Because fifty percent of the amount ("if, as and when") received is the statutory maximum, at least with respect to annuity-type retirement benefits (i.e., those which entail monthly installment payments after retirement/after a certain age, etc.) -- initially, the thinking and approach of some practitioners was that something less than fifty percent must be "the norm" here (even to the extent that annuities constitute "marital property"; i.e., even regarding the "marital portion"). Often, perhaps by analogy to "dower" interests, they viewed one-third as the "usual" spousal share in an annuity; with a fifty percent share being reserved for application against the spouse clearly "guilty" of dissolution of the marriage. Even in the case described above, however, where the Court of Appeals indicated that mere "personal fault" was essentially irrelevant (and the ex-wife was denied permission to prove that her ex-husband had dissolved the marriage by means of engaging in adulterous relationships with seven different women!) -- an orthopedic surgeon was allowed to retain all but 20-30 percent of certain types of his (marital property) business assets. And, although the Virginia Court of Appeals has never directly decided this issue, several early "reported" decisions have involved cases where that seems to have been the approach taken ( i.e., precisely or about one-third viewed as the "norm").
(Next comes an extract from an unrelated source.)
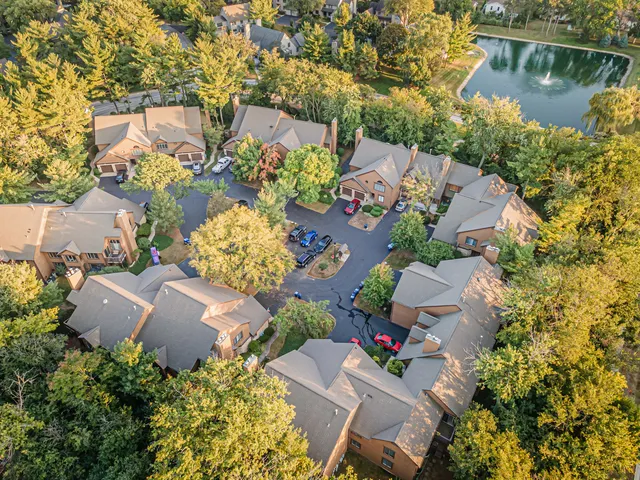 an aerial view of a house with a lake view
On the other hand, a substantial percentage of practitioners seem not to distinguish retirement (as opposed to) business assets in this fashion; at least in the Northern Virginia area, increasingly, our Judges are ordering the "marital portions" of these assets, also, simply divided equally.
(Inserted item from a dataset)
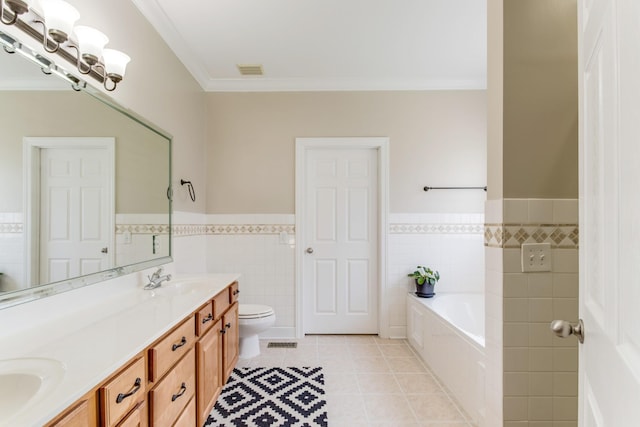 bathroom featuring a garden tub, double vanity, ornamental molding, a sink, and tile patterned flooring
Another possibly important caveat regarding retirement benefits results from the tax effects of cashing in" IRA's and "401K"-type Plan amounts. That is, "early distribution" of these assets will result in a ten percent income tax "penalty" bite; and the amounts received must, also, then be included as income on your tax return. At the higher brackets, therefore, with Virginia State tax effects also considered, this means that the effective "present value" of what might otherwise seem to be $1,000.00 in an IRA or 401K account is really only a little more than one-half of that amount. And, although it is true that, with respect to Plans, such tax effects can be negated by means of use of the cumbersome procedure of a "Qualified Domestic Relations Order" ('QDRO') -- where the amount in the Plan is not to be divided that way now or in the future -- $1,000.00 in a 401K Plan may not be of equal value to $1,000.00 in, for example, an ordinary savings account.
In Virginia, a premarital agreement shall be in writing and signed by both parties. Such an agreement shall be enforceable without consideration and shall become effective upon marriage.